Nothing but the lines from the one with "Air Duct Brother website on a tablet" through the end of the material should be retyped, word for word and without pictures.

* GIVEN RECORDS *
——

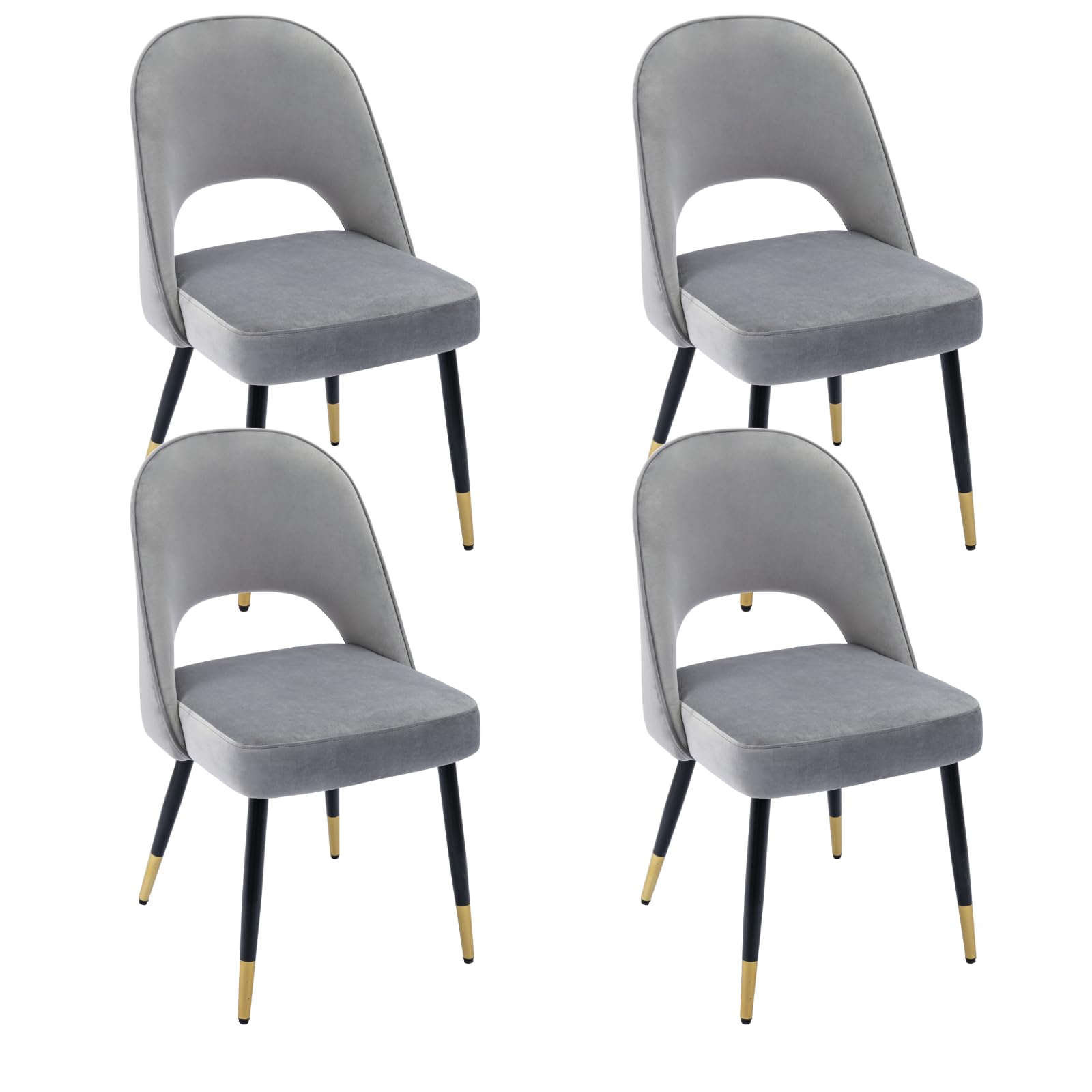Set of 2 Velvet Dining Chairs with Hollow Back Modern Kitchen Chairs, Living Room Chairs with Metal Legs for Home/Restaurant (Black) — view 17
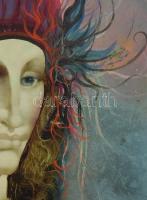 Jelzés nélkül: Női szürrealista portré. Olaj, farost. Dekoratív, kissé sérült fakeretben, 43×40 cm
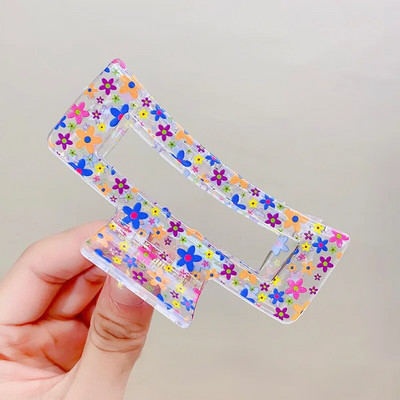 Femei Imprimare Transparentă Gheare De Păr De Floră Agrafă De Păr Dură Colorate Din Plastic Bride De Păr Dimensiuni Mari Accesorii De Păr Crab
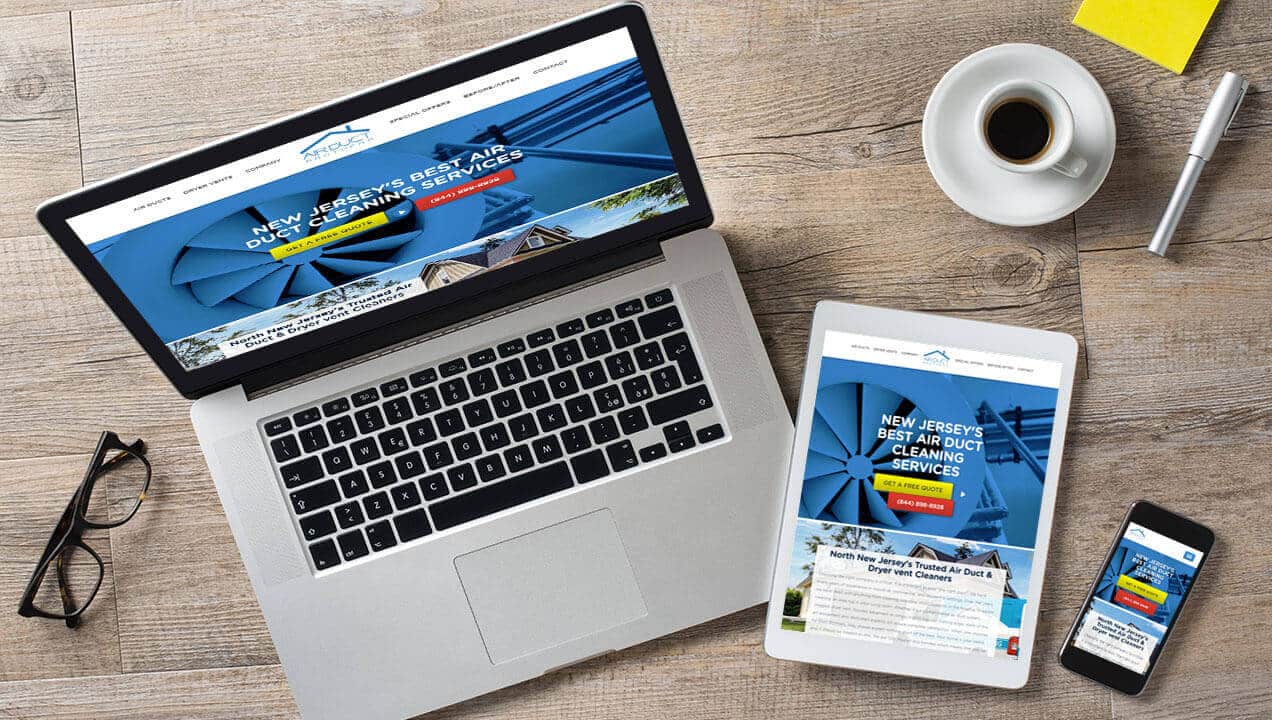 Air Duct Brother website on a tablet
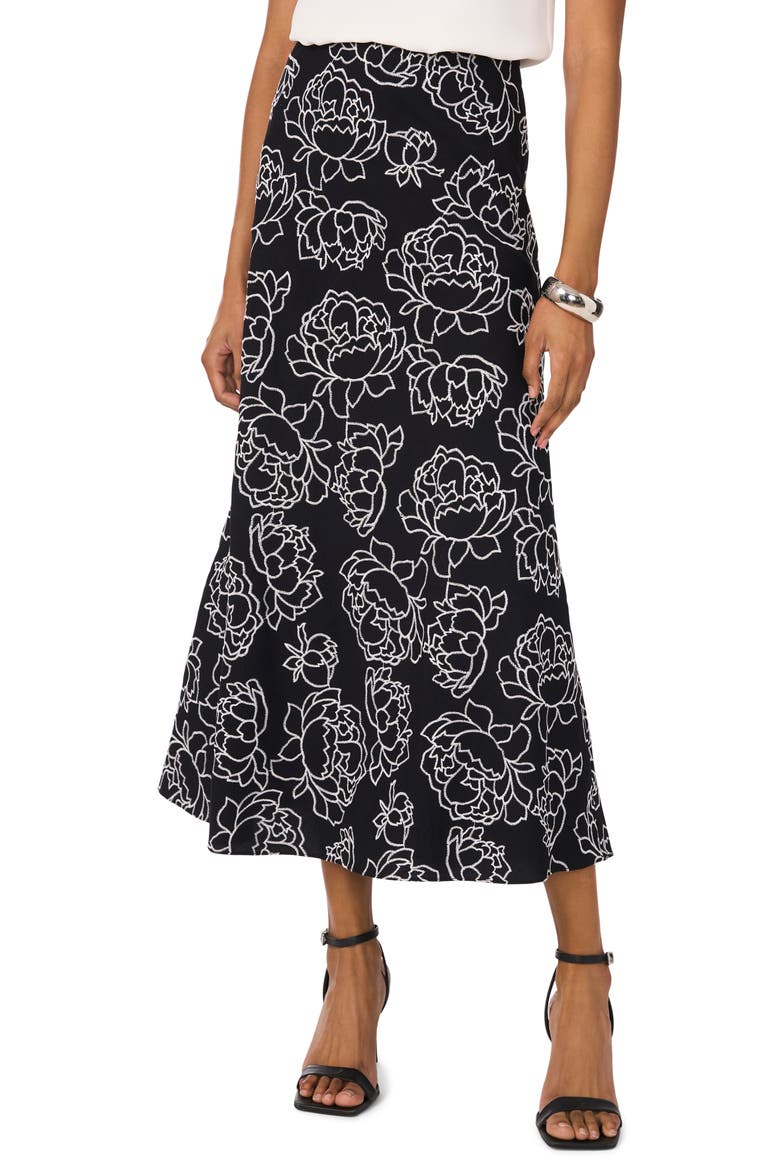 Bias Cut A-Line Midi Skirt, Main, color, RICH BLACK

——

* RESULT *
 Air Duct Brother website on a tablet
 Bias Cut A-Line Midi Skirt, Main, color, RICH BLACK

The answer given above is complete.